Unincorporated community in the state of Oregon, United States

Mount Hood Village is the name of a census-designated place (CDP) within the Mount Hood Corridor in Clackamas County, Oregon, United States. As of the 2010 census, the CDP had a population of 4,864. The Villages at Mount Hood is the name of the combined government of several of the communities encompassed by the CDP and is a separate entity.

==Government==

The Villages at Mount Hood is the common quasi-government of the unincorporated communities of the Mount Hood Corridor, and includes Brightwood, Welches, Wemme, Zigzag, and Rhododendron. Residents approved its formation in May 2006.

The Villages at Mount Hood was the first established village under Clackamas County's "Complete Communities" ordinance, which allows unincorporated communities to form quasi-governments that allow them to have more direct control regarding the issues and activities that affect them.

According to the village's official website, the communities united to form the village because the Oregon Department of Transportation required that the towns create a "governmental agency" in order to continue getting grants for the growing Mount Hood Express bus system. The "Complete Communities" ordinance makes villages and hamlets official agencies of the county.

== Geography ==
The CDP includes most of Brightwood, Wemme, Welches, Zigzag, and Rhododendron. Most of the area is immediately north or south of U.S. Route 26, though a spur south into parts of Welches and a spur north along East Lolo Pass Road is also included.

According to the United States Census Bureau, the CDP has a total area of 67.7 sqkm, all land.

== Demographics ==
As of the census of 2000, there were 3306 people in the CDP, organized into 1320 households and 872 families. The population density was 482.5 PD/sqmi. There were 1903 housing units at an average density of 277.7 /sqmi. The racial makeup of the CDP was 92.38% White, 1.66% Native American, 0.48% Asian, 0.33% Black or African American, 0.03% Pacific Islander, 2.90% from other races, and 2.21% from two or more races. 6.35% of the population were Hispanic or Latino of any race.

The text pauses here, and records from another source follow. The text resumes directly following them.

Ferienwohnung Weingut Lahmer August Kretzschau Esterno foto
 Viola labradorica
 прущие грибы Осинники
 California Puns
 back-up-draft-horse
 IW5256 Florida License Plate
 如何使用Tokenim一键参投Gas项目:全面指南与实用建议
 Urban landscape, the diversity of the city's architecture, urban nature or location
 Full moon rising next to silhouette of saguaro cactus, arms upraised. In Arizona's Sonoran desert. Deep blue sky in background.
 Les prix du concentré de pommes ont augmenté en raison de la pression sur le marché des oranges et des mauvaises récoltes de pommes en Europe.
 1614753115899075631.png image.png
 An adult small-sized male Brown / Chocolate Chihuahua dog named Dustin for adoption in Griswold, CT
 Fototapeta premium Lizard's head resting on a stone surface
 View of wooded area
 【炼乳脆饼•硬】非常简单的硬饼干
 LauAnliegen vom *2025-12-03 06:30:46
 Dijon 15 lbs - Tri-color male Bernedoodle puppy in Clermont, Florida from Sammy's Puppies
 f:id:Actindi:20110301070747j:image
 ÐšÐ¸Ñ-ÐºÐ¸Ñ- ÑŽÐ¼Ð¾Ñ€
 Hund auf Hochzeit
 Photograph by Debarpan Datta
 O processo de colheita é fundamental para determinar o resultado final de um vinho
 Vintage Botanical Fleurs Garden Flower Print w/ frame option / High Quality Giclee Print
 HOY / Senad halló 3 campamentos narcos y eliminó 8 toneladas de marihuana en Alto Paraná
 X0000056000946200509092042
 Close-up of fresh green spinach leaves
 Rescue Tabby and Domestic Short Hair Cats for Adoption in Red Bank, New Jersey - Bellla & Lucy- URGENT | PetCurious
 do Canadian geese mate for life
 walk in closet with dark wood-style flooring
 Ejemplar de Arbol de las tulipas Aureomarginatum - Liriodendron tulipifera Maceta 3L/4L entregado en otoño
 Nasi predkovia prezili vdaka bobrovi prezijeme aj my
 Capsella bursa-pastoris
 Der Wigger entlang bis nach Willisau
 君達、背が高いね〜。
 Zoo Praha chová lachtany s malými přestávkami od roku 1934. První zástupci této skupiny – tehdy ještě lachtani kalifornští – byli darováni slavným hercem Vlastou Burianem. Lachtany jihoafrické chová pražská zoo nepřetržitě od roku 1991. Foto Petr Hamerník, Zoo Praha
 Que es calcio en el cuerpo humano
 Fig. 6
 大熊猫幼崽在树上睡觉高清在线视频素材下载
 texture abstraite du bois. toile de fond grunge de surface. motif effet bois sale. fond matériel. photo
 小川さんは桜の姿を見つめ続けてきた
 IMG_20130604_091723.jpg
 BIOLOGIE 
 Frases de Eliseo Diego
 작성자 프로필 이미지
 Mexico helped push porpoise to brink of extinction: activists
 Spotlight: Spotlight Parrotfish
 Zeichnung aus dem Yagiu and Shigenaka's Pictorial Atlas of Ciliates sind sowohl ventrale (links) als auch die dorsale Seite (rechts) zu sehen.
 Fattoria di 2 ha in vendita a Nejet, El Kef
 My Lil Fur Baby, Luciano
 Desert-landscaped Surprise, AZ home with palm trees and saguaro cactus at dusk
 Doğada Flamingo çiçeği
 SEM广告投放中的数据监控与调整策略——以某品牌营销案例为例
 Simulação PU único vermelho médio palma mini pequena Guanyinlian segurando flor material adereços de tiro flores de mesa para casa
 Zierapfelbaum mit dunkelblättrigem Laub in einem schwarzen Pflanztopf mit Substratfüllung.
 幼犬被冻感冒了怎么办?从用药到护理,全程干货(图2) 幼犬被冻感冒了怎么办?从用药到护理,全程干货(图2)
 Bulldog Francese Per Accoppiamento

There were 1,320 households, out of which 29.5% had children under the age of 18 living with them, 55.8% were married couples living together, 6.1% had a female householder with no husband present, and 33.9% were non-families. 24.6% of all households were made up of individuals, and 6.7% had someone living alone who was 65 years of age or older. The average household size was 2.46 and the average family size was 2.95.

The median age in the CDP was 40 years:
- 24.5% under the age of 18,
- 7.1% from 18 to 24,
- 29.2% from 25 to 44,
- 28.5% from 45 to 64, and
- 10.7% who were 65 years of age or older.
For every 100 females, there were 113.6 males. For every 100 females age 18 and over, there were 109.1 males.

The median income for a household in the CDP was $51,031, and the median income for a family was $59,458. Males had a median income of $42,961 versus $28,372 for females. The per capita income for the CDP was $24,604. 6.4% of the population and 3.9% of families were below the poverty line. Out of the total population, 2.6% of those under the age of 18 and 6.5% of those 65 and older were living below the poverty line.